"Flattery," he declared, "is meat and drink to me. Tell me more."
She laughed lightly. "Thank you, no; vanity is unbecoming in men; I do not care to make you vain."
Aware that Cecelia Brooke was listening all the while she seemed to be enchanted with the patter of Mr. Revel and the less vapid observations of Velasco, Lanyard sought to shunt personalities from himself.
"And now a princess!"
"Did you not know I had married? Yes, a princess of Spain—and with a castle there, if you must know."
"Quite a change of atmosphere from Berlin," he remarked. "But it has done you no perceptible harm."
That won him a black look. "Oh, Berlin!" she said with contemptuous lips. "I haven't been there since the beginning of the war. I wish never to see the place again. True: I was born an Austrian; but is that any reason why I should love Germany?"
She leaned forward, her fan gently tapping the knuckles of his hand.
"Pay less attention to me," she insisted, with a nod toward the middle of the room. "You are missing something. Me, I never tire of her."

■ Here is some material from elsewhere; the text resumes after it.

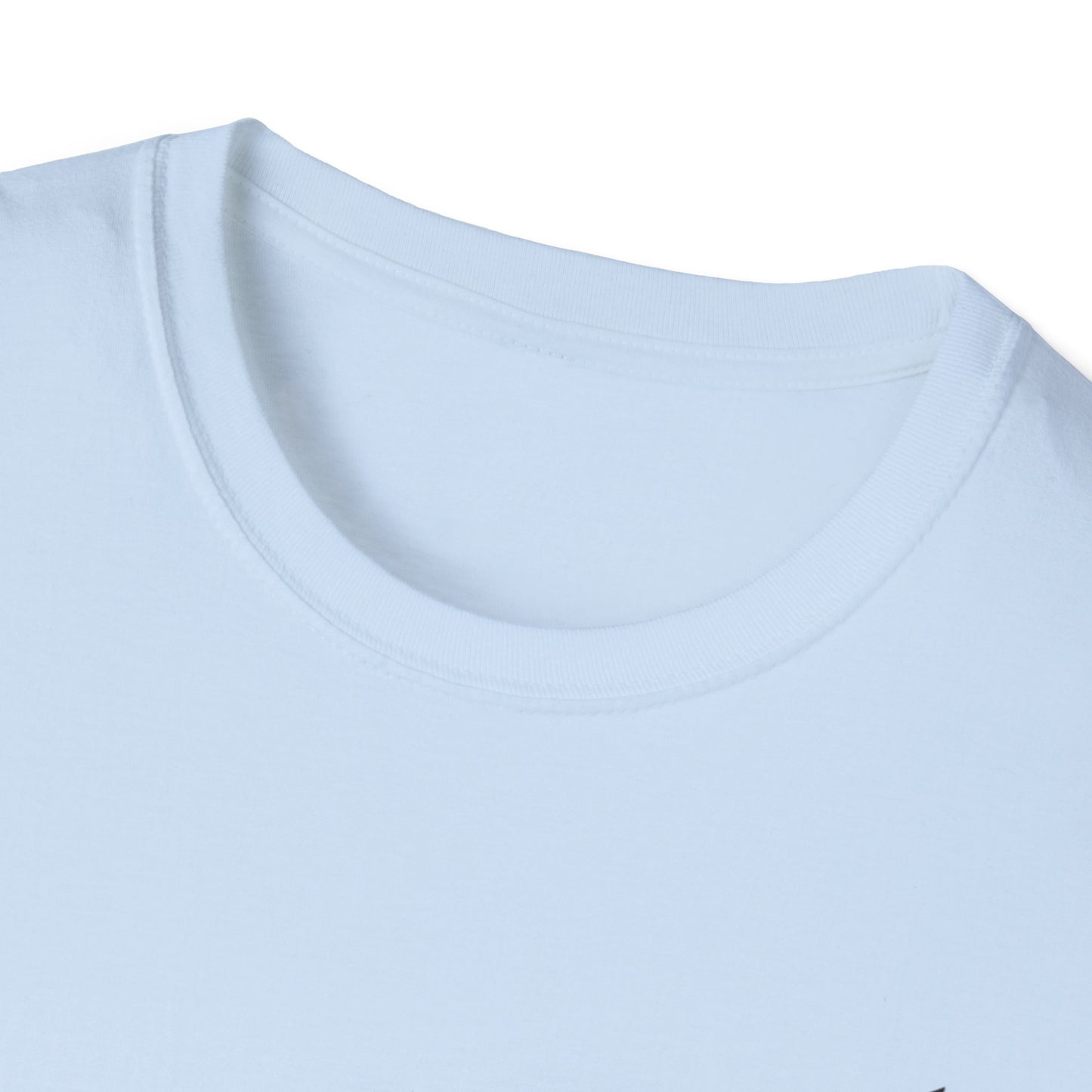 Unisex Softstyle T-Shirt with 'I PNL' Design, Casual Wear for Music Lovers, Trendy Gift for Friends, Streetwear, Everyday Comfort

The floor had been cleared. A drummer on the dais was sounding the long-roll crescendo. At the culminating crash the lights were everywhere darkened save for an orange-coloured spot-light set in the ceiling immediately above the dancing floor. Into that circular field of torrid glare bounded a woman wearing little more than an abbreviated kirtle of grass strands with a few festoons of artificial flowers. Applause roared out to her, the orchestra sounded the opening bars of an Americanised Hawaiian melody, the woman with extraordinary vivacity began to perform a denatured hula: a wild and tawny animal, superbly physical, relying with warrant upon the stark sensuality of her body to make amends for the censored phrases of the primitive dance. The floor resounded like a great drum to the stamping of her bare feet, till one marvelled at such solidity of flesh as could endure that punishment.